Aber auch, um die Individualität jeder Lagune zu erkennen. Besondere Aufmerksamkeit verdient in dem Naturpark das Wasser, das, jeweils in unterschiedlichem Maße durch das Kalkgestein geprägt, von Becken zu Becken immer wieder andere Töne annimmt. In dieser Hinsicht einzigartig ist die oberste Lagune, die sich, vor allem bei geringer Füllung, wegen des hohen Karbonatgehalts authentisch weiß färbt. Nur folgerichtig lautet ihr Name Blanca. Sozusagen ihr Gegenstück ist Cenagosa, „die Schlammige“, auf der unteren Seite von Zauberer Merlins Seenkette.

Doch noch vieles mehr bergen die Namen der Lagunen von Ruidera. Conceja etwa verweist auf einen Gemeinderat, der in früheren Jahrhunderten für die Umgebung zuständig war. Tomilla berichtet vom üppigen Thymianbewuchs an ihren Ufern. Salvadora hat den Ruf, heilende Kräfte zu haben. Tinaja heißt wegen ihrer Form „Tonkrug“. Ähnliches gilt für die rundliche sowie die zungenförmige Redondilla und Lengua. Der Name Morenilla erinnert an eine Brünette, die nahe des entsprechenden Sees in einer Höhle wohnte. Colgada, die Hängende, bleibt hingegen ein Rätsel.

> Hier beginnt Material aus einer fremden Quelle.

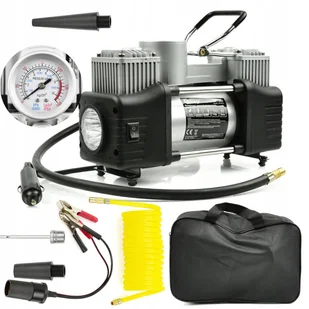 KOMPRESOR SAMOCHODOWY Z MANOMETRTEM 12V POMPKA SPRĘŻARKA 250W + NASADKI LED - Akcesoria motoryzacyjne - miniaturka - grafika 1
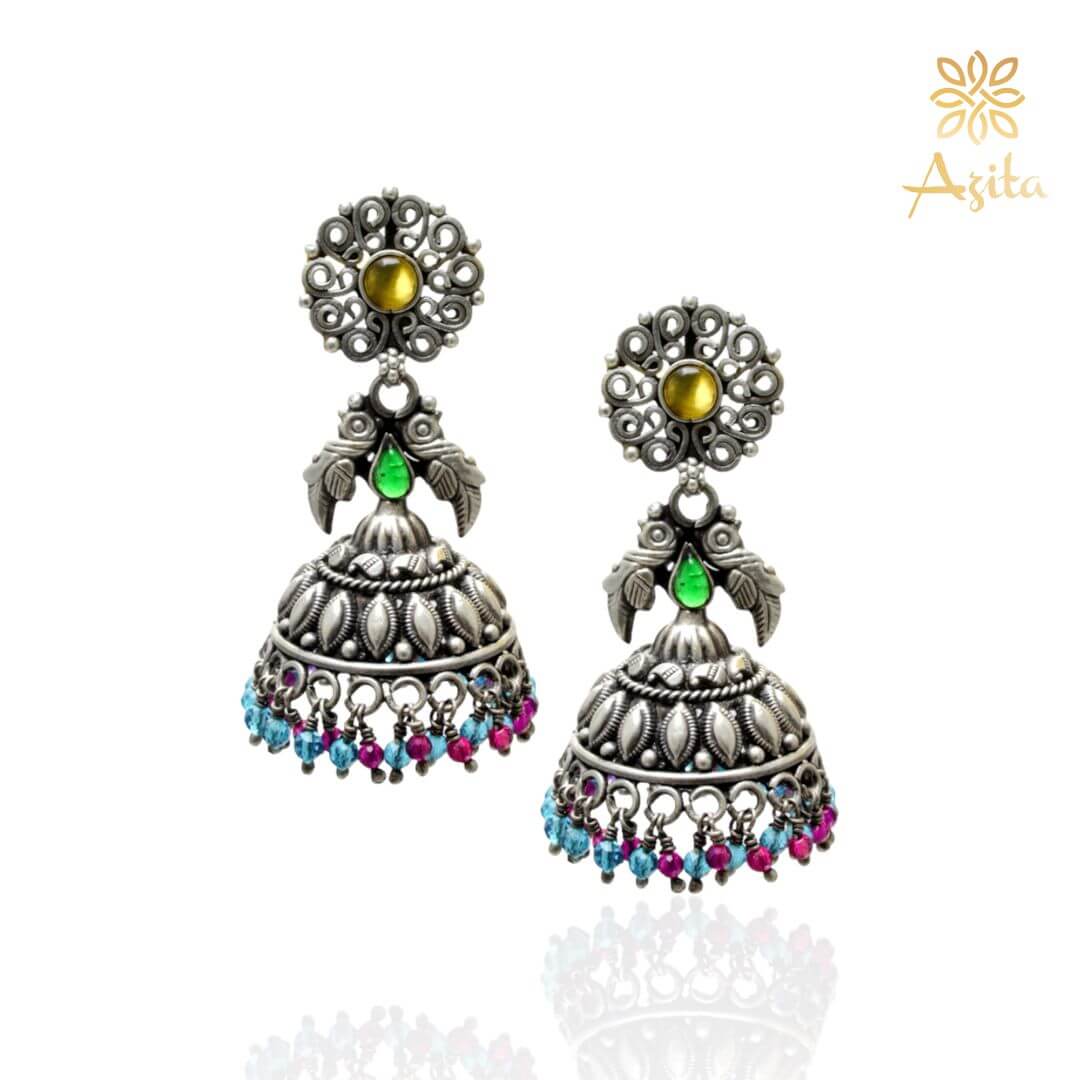 Azita 925 Sterling Silver Oxidised Jhumki Earrings for Women and Girls| Flower Top with Yellow Stone | With Certificate of Authenticity & 925 Stamp|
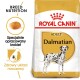 Torba z karmą dla psów Royal Canin Adult Dalmatian z sylwetką dalmatyńczyka, podkreślająca korzyści żywieniowe dla rasy i zdrowie układu moczowego.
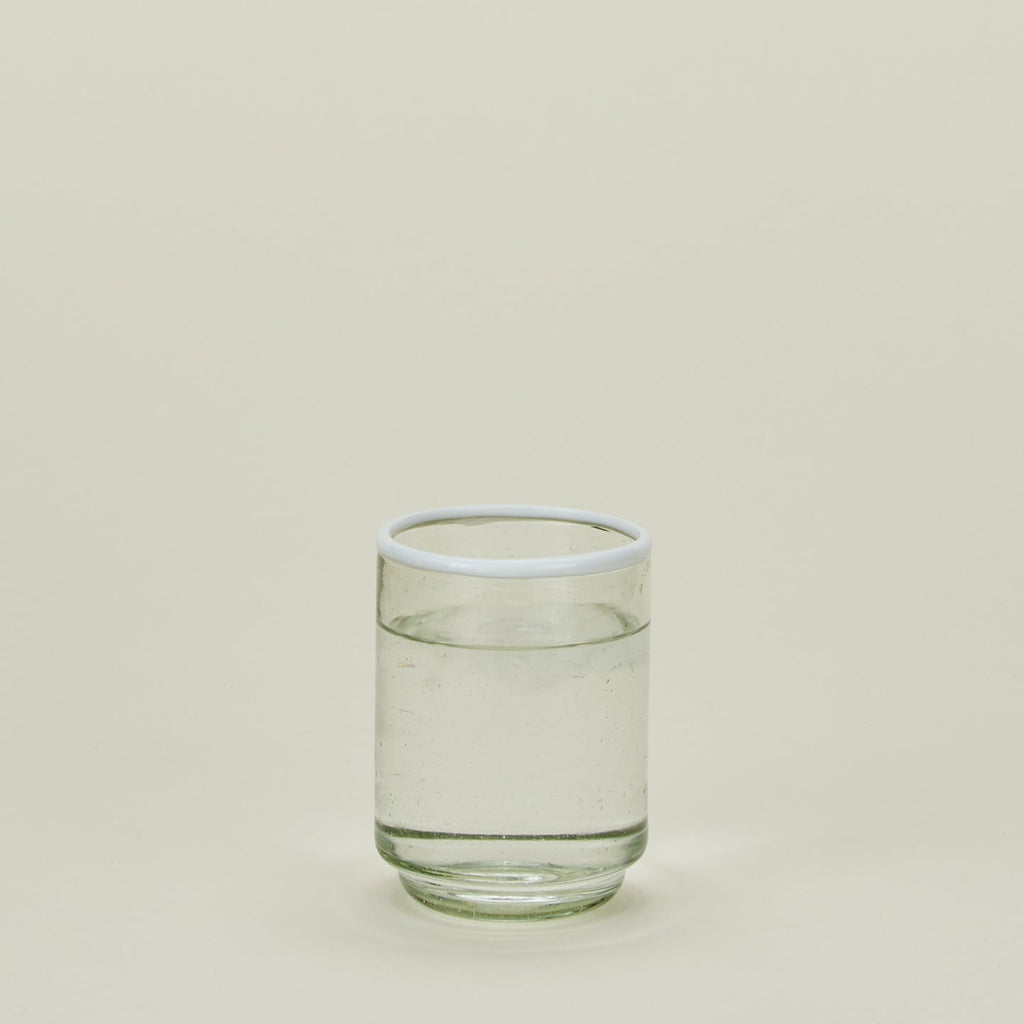 Color Rim Stacking Glass - White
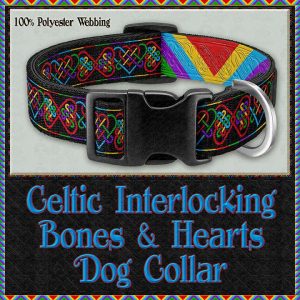 Celtic Interlocking Bone Hearts Designer Dog Collar Product Image No1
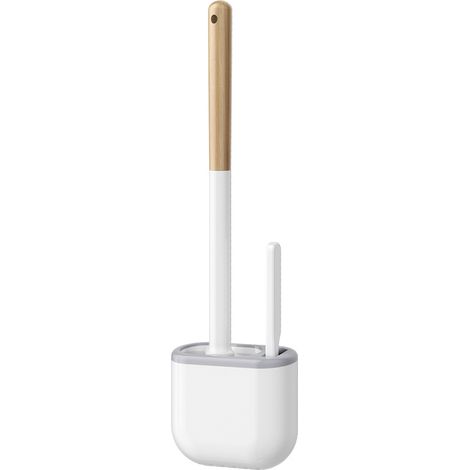 Cepillo de baño 2 en 1 con mango largo de madera, de montaje en pared, cabezal de silicona para una limpieza profunda y completa, color blanco.
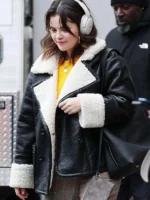 Mabel Mora Only Murders S04 Selena Gomez black shearling leather jacket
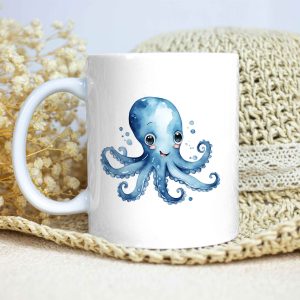 Taza Brillante con Bonito Pulpo Azul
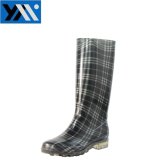 Grid Printing Flat PVC Women Rain Boots
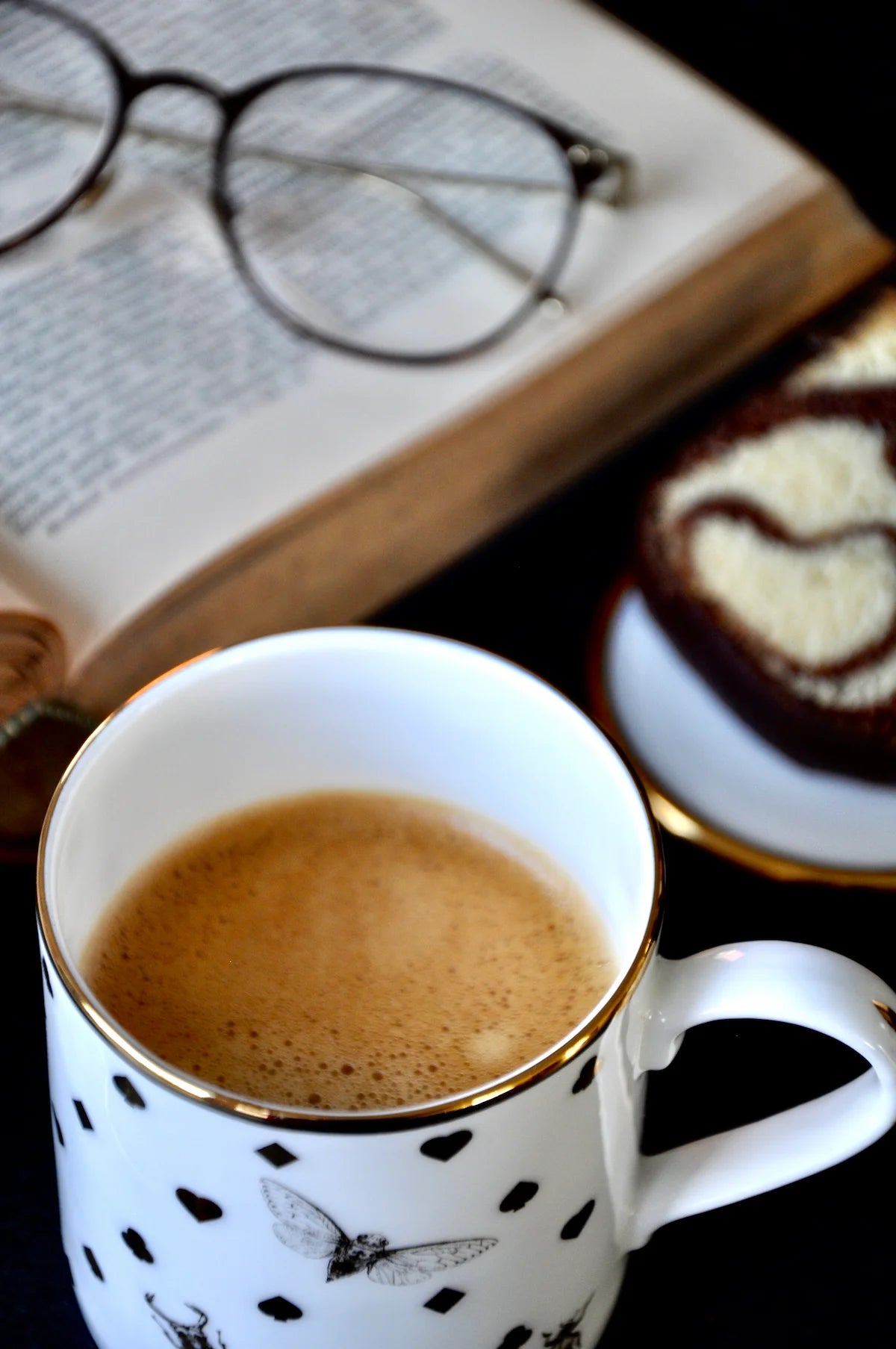 Fine Bone China Mug Filled with Coffee with Gold Detailing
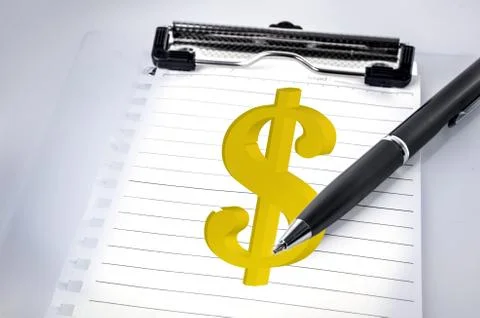 Lined notebook and pen Stock Illustration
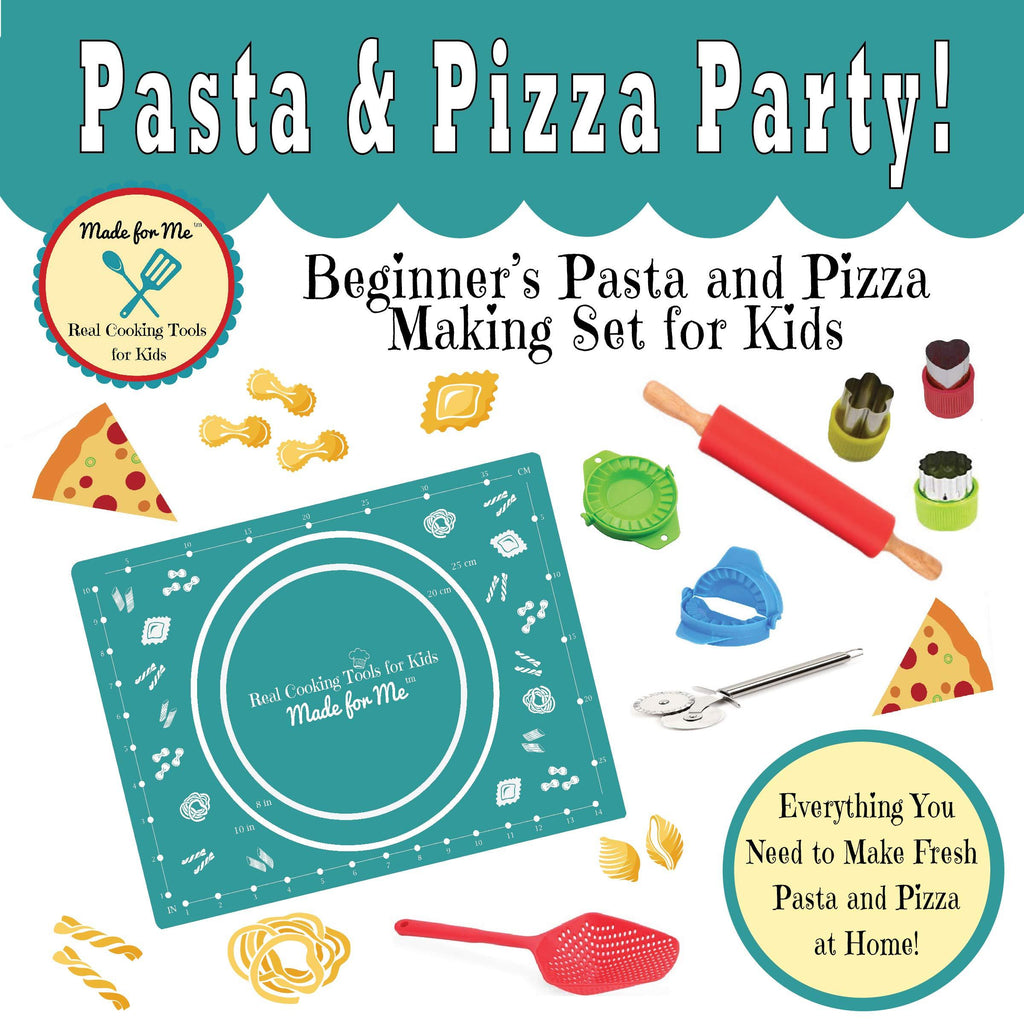  [AUSTRALIA] - Kids Cooking - Pasta & Pizza Party! - Beginner's Pasta & Pizza Making Set for Children w/Easy Recipes & Instruction Guide/from the makers of Pancake Party Art Kits & Beginner's Kids Chef Knife!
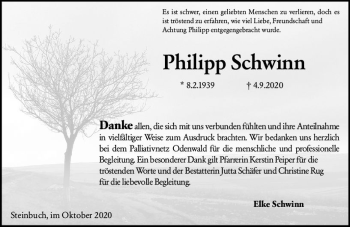 Traueranzeige von Philipp Schwinn von vrm-trauer
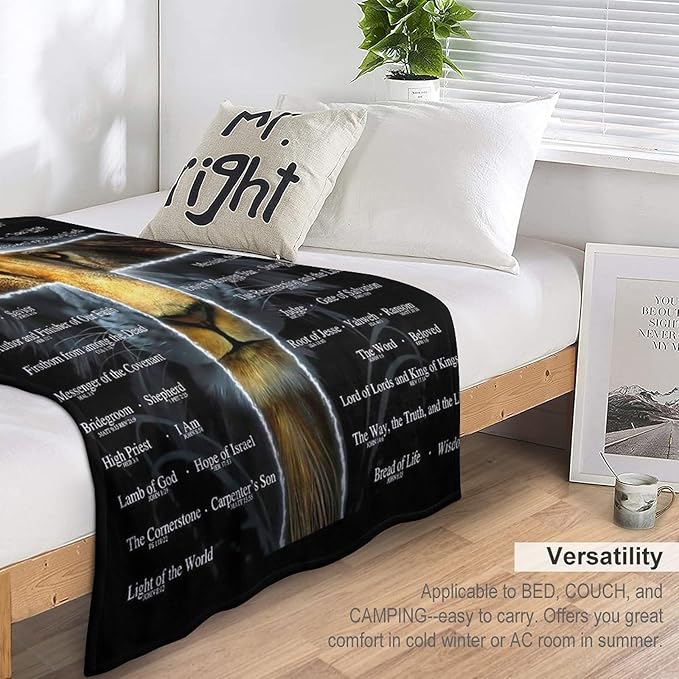 Christian Lion Scripture Jesus Throw Blanket for Women Men Kids Adults, Soft Warm Cozy Fleece Blanket for Couch Sofa Bed, 40"x50"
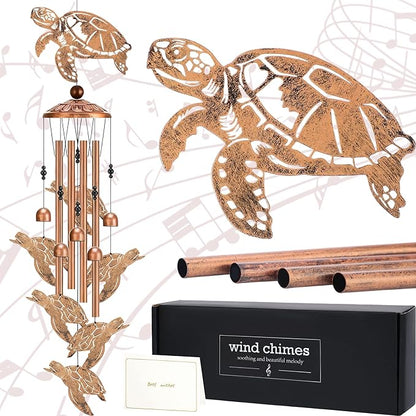 Sea Turtle Wind Chimes - Metal Windchimes Outdoors Decor Garden Patio Balcony Porch Indoor Home Art Hanging Decoration Thanksgiving Christmas New Year Birthday Gift for Women Mom Grandma Wife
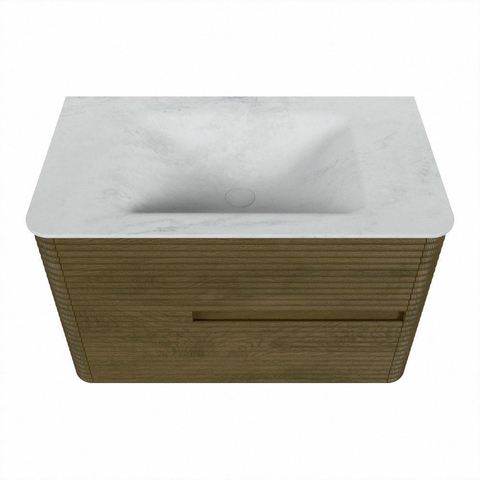 Mondiaz CIRO-DLUX Meuble de salle de bains - 80x45x50cm - Plan-vasque solid surface Opalo - 1 vasque au milieu - 1 trou de robinetterie - 2 tiroirs - Dusk SW1532935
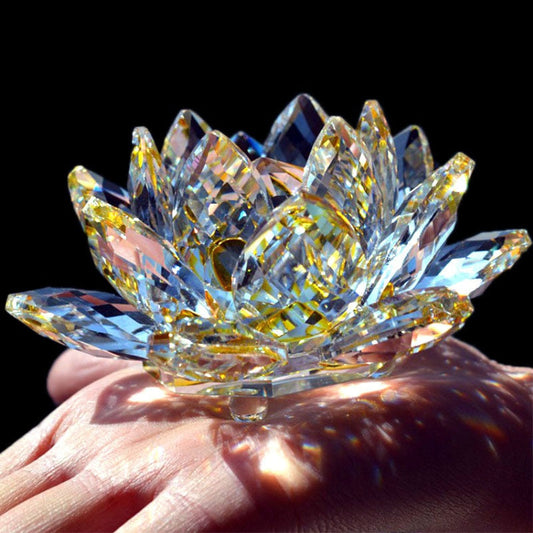 80Mm Quarz-Kristalle Lotusblumen-Handwerk Glas Fengshui Ornamente Heilsteine Heim Party Wicca Dekor Yoga Geschenke Souvenir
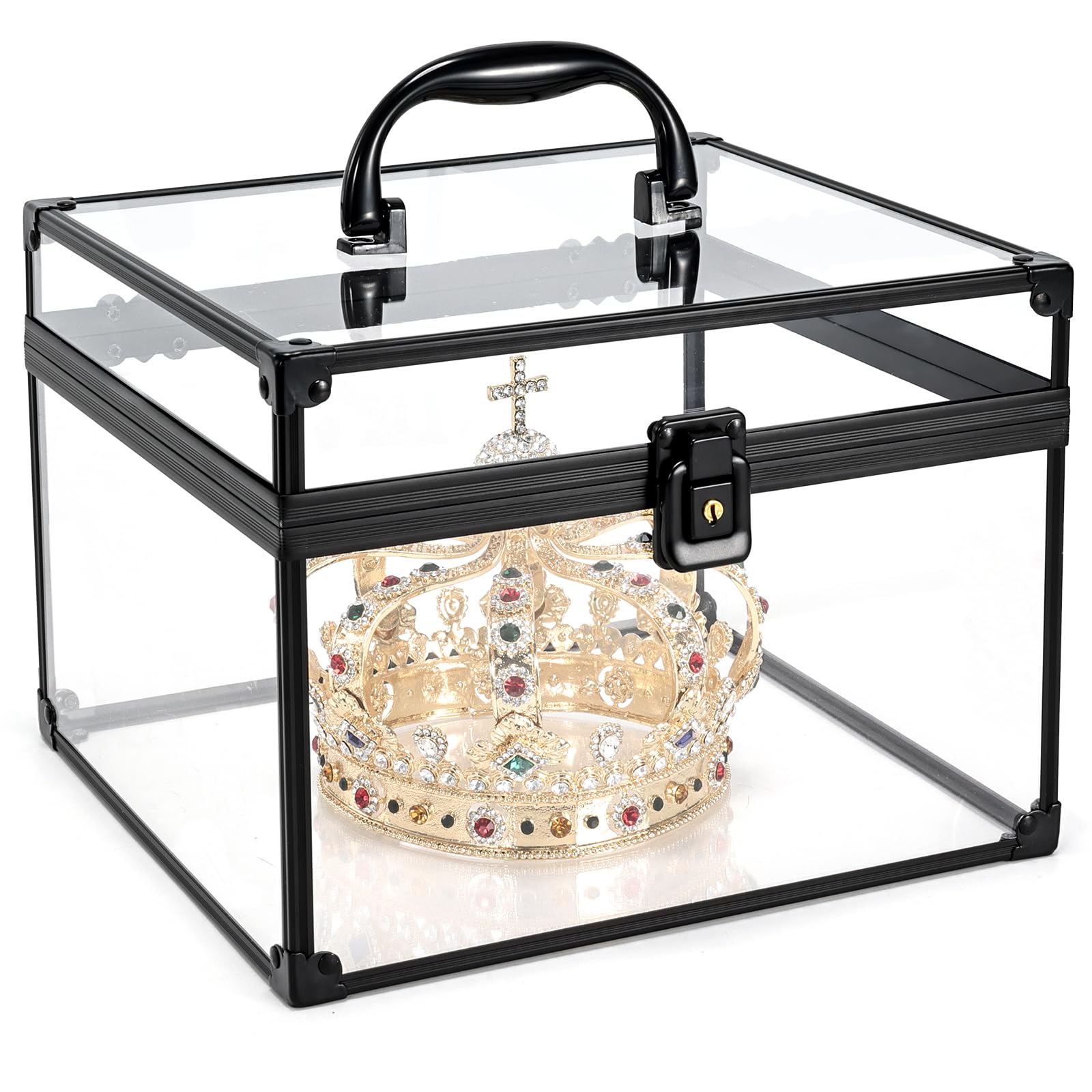 Costravio Makeup Display Clear Clear Makeup Case Portable Transparent Artists Train Case Crown Box Large Capacity Toiletry Organ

Noch lange nach dem Abschied

Man sagt, dass es in Ruidera so viele Geschichten und Legenden gibt, wie sonst nur Cafés in spanischen Orten mit einer Plaza Mayor. Der Zauber der Lagunen lässt sie jedenfalls tief ins Bewusstsein des Besuchers versinken, und dort noch lange nach dem Abschied verweilen. Als Quijote, viele Buchseiten später, mit Sancho in Barcelona des Meer erblickt, „schien es ihnen weit, unermesslich zu sein, viel größer als die Teiche der Ruidera, die sie in der Mancha gesehen hatten“.